По традиции преподавателем богословия
был ректор семинарии, преподавателем в классе философии – префект.[266]
В 1793 г. к прежнему числу учителей был добавлен преподаватель философии, не являющийся
префектом (табл.12).
Соответственно, в число учителей семинарии входил 5
бельцов и 1 представитель черного духовенства (преподаватель богословия).
Обращает на себя внимание тот факт, что все преподаватели – бельцы молоды и неженаты.
Все они приступили к преподавательской работе сразу по окончанию собственного
обучения. Обучение будущих преподавателей в лучших учебных заведениях страны
носило явно целевой характер.
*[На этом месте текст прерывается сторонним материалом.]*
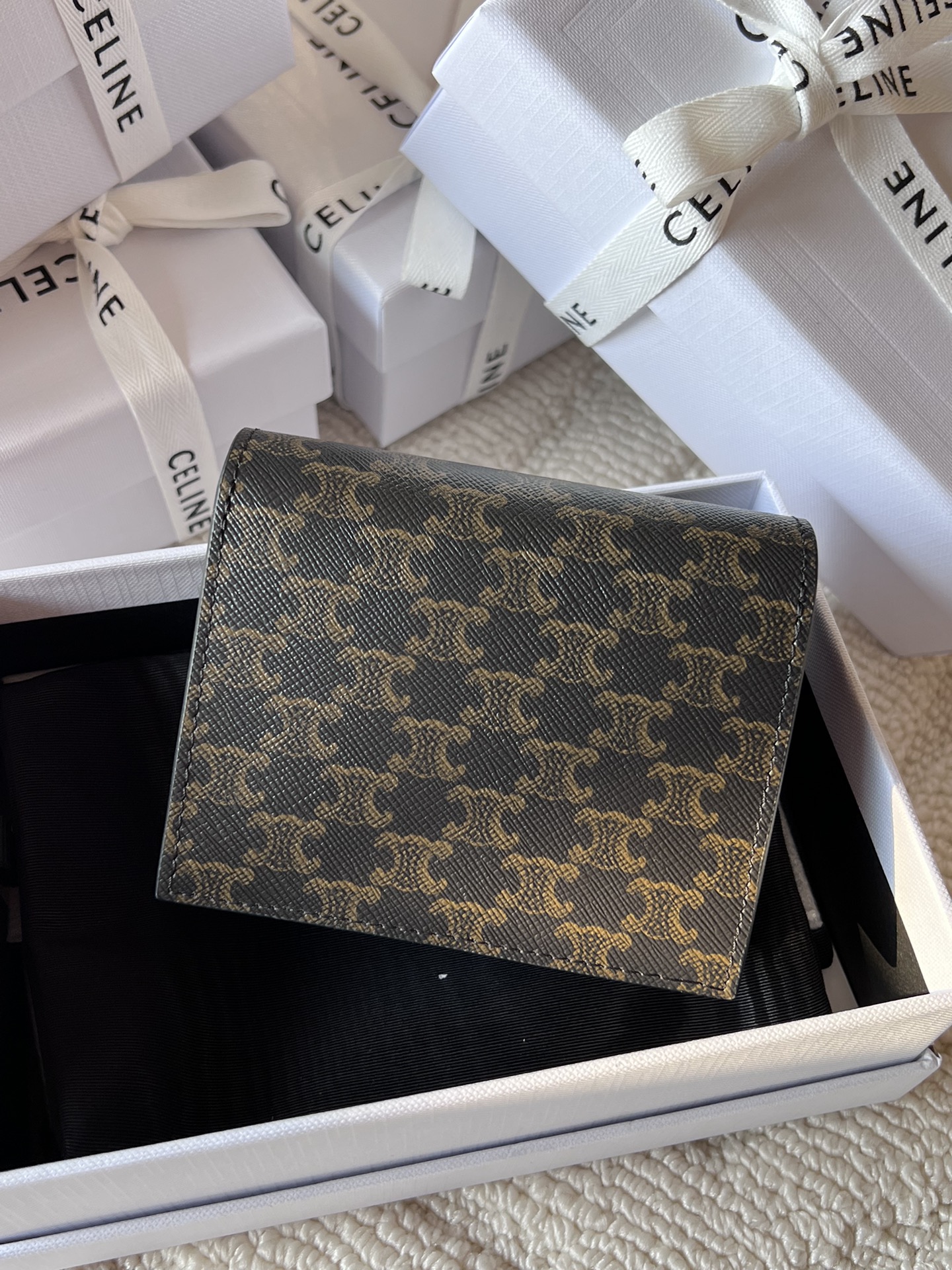 celine コイン ケース偽物 本革 レザー 10E242 名刺入れ 花柄 ブラック_3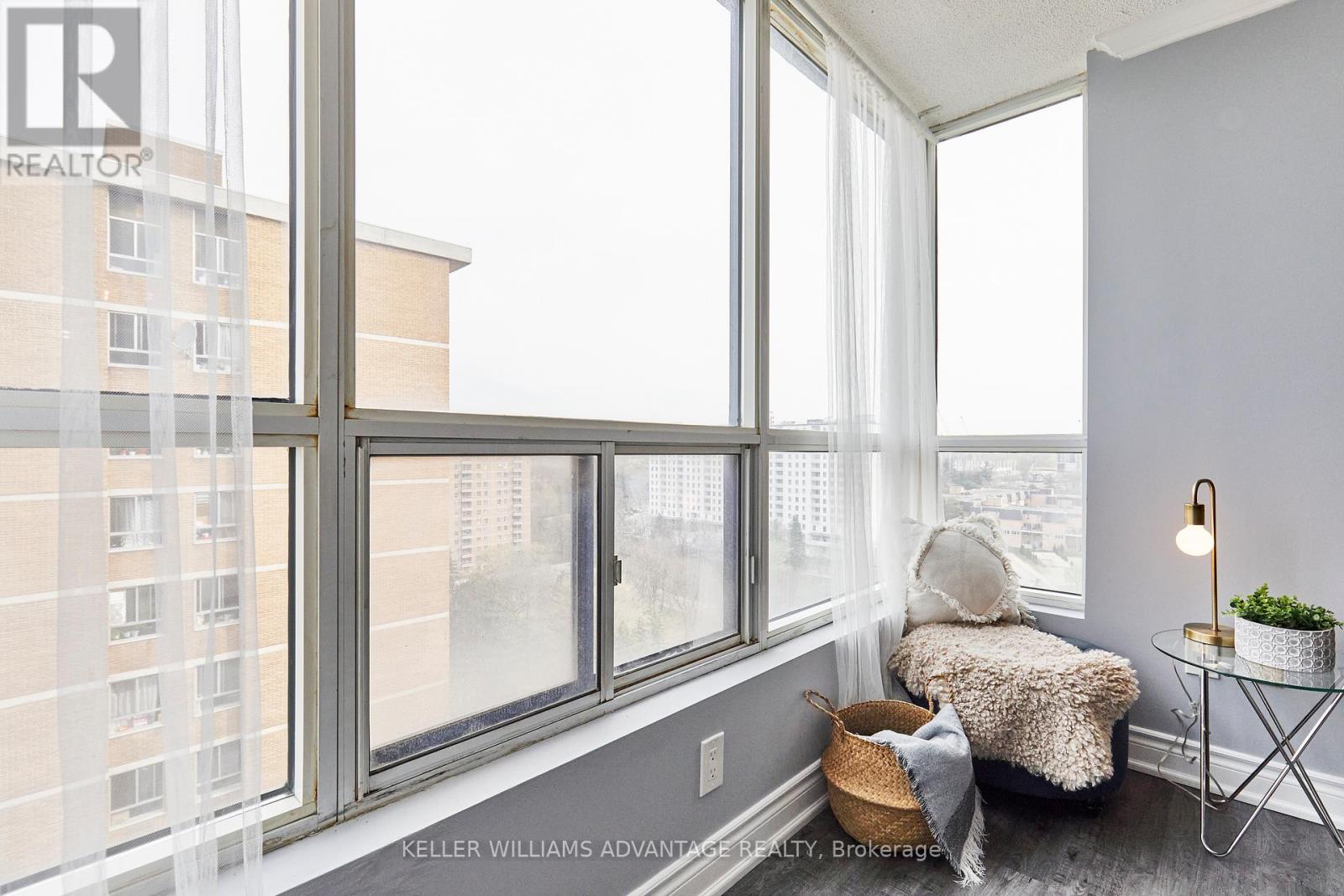 Property at 1617 - 3050 ELLESMERE ROAD image 4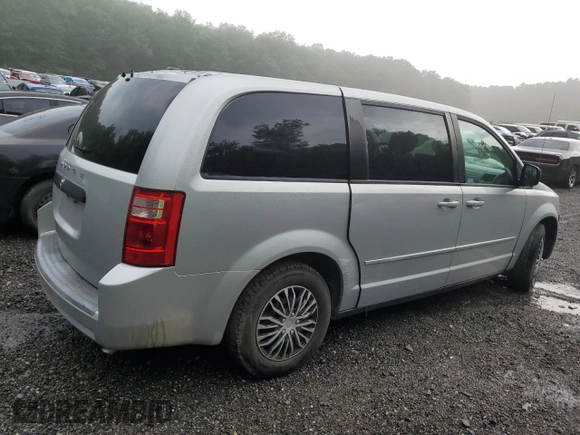 2009 Dodge Grand Caravan SE with VIN 2D8HN44E99R541957, listed as a Copart auction lot 60810425 with 172,392 mi miles and Salvage title. Bid and sale history available at DreamBid. Image 3.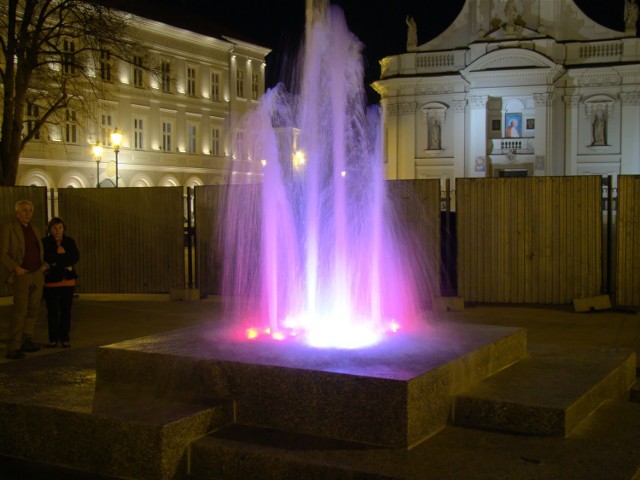 W Wadowicach fontanna papieska zwana także fontanną przyjaźni czeka na otwarcie.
Прохождение подготовки в этих учебных заведениях,
позволяло бельцам занимать преподавательские должности, требующие достаточно
высокого уровня подготовки сразу по окончанию учебы. Интересно, что
единственный из преподавателей, окончивших Петербургскую учительскую семинарию
– Варфоломей Белявский, прежде чем начать преподавать в Псковской семинарии, 4
года был второклассным народным учителем в Санкт-Петербурге и Кронштате.[267]
Преподавательский состав постоянно обновлялся. К 1797 г. из семинарии ушли
Григорий Перстинский и Федор Быстрицкий.[268]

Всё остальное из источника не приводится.